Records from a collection
>>>>>

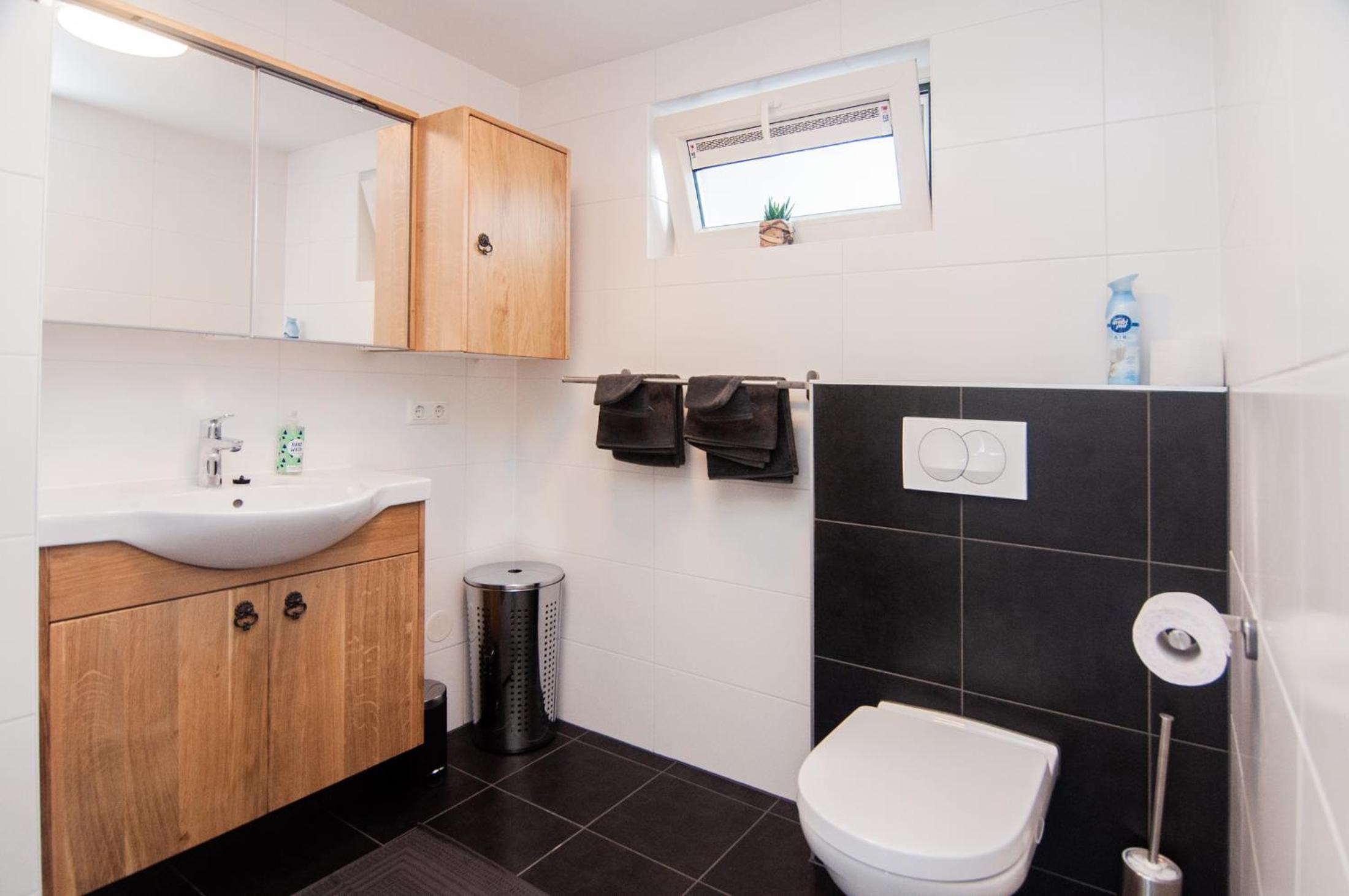 One-Bedroom House photo 3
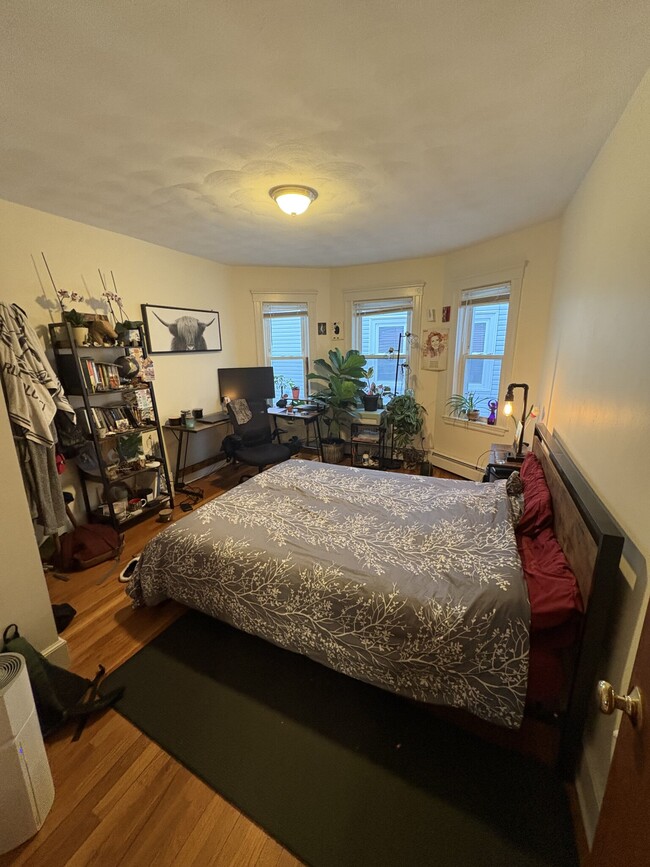 28 Adrian St, Unit 2 in Somerville, MA - Building Photo - Building Photo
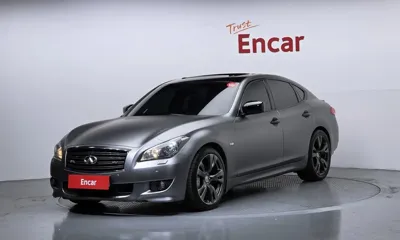 Infiniti M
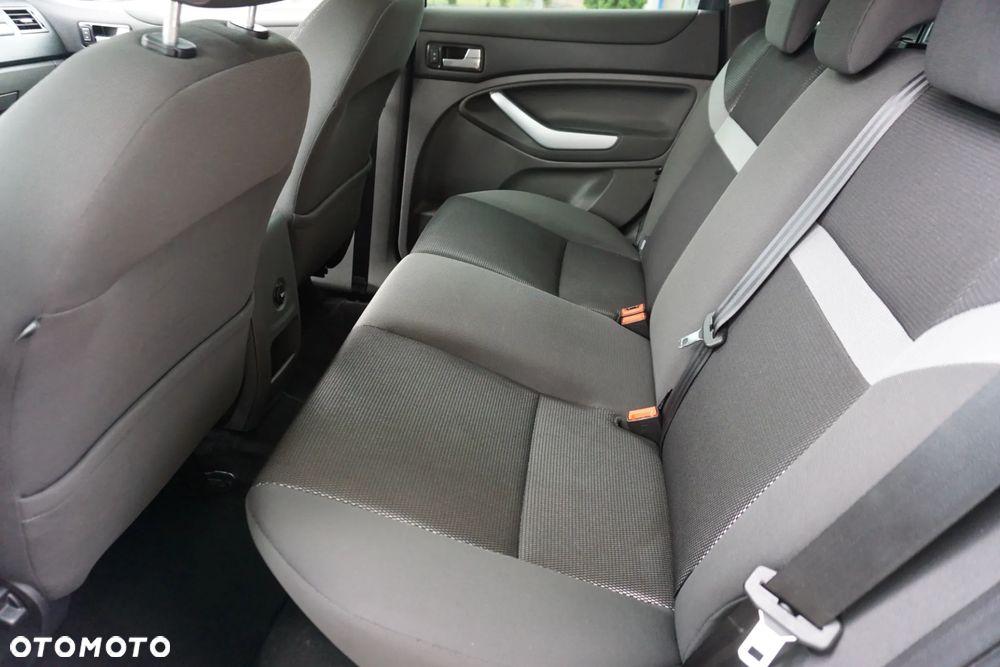 Ford Kuga 2.0 TDCi 2x4 Trend - 10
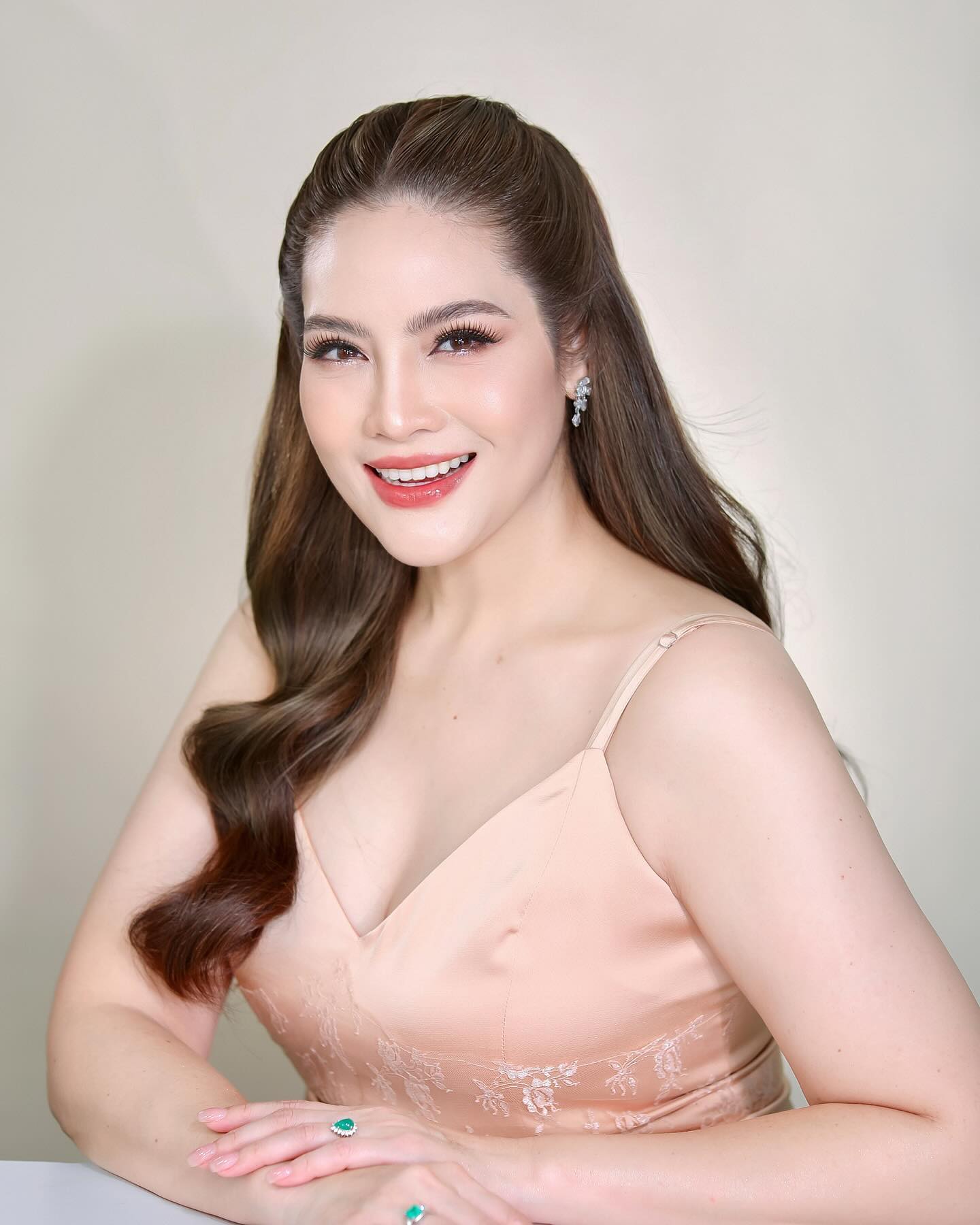 อร - อรอนงค์ ปัญญาวงศ์
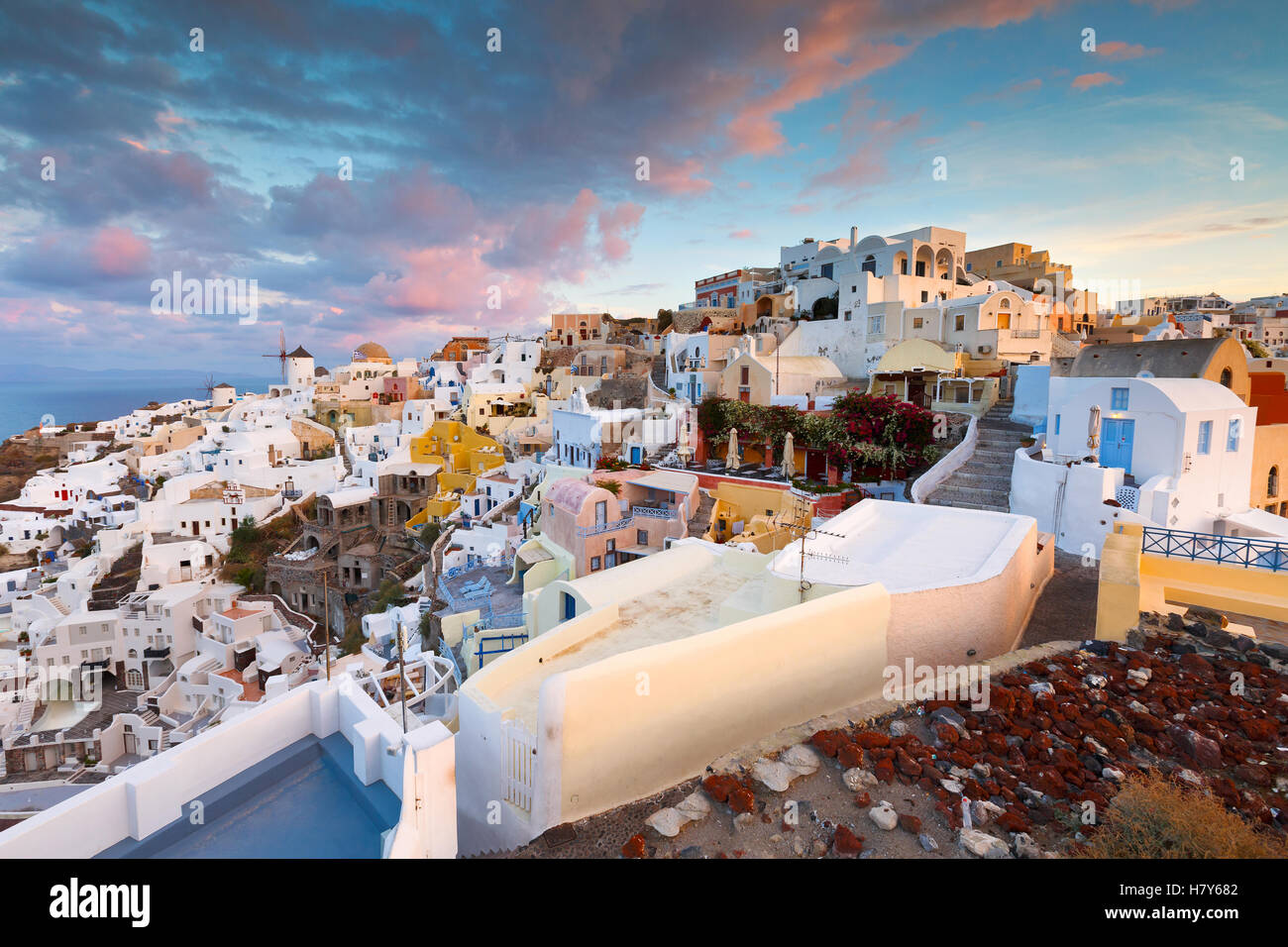 Blick auf Dorf Oia auf Santorin in Griechenland. Stockfoto
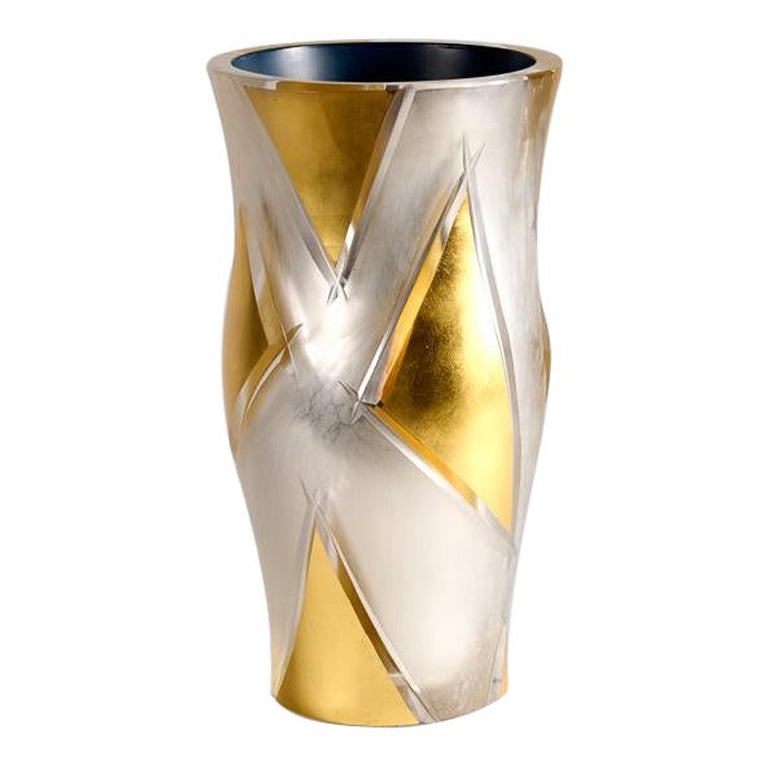 Cristal Benito, triangle, vase en cristal taillé à la main, France, 2023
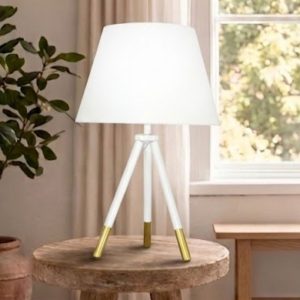 Đèn bàn chao vải, chân kim loại thiết kế hiện đại DB-680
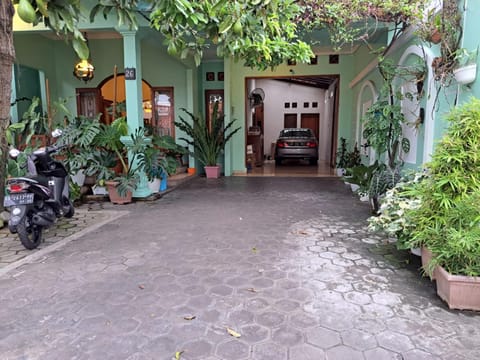 Rumah Gamelan Syariah Guest House Jogja Bed and Breakfast in Yogyakarta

<<<<<

◆ **EXERCISE OBJECTIVE**: Could you reproduce the records above exactly, leaving out every picture?

◆ **REPLY**:
 One-Bedroom House photo 3
 28 Adrian St, Unit 2 in Somerville, MA - Building Photo - Building Photo
 Infiniti M
 Ford Kuga 2.0 TDCi 2x4 Trend - 10
 อร - อรอนงค์ ปัญญาวงศ์
 Blick auf Dorf Oia auf Santorin in Griechenland. Stockfoto
 Cristal Benito, triangle, vase en cristal taillé à la main, France, 2023
 Đèn bàn chao vải, chân kim loại thiết kế hiện đại DB-680
 Rumah Gamelan Syariah Guest House Jogja Bed and Breakfast in Yogyakarta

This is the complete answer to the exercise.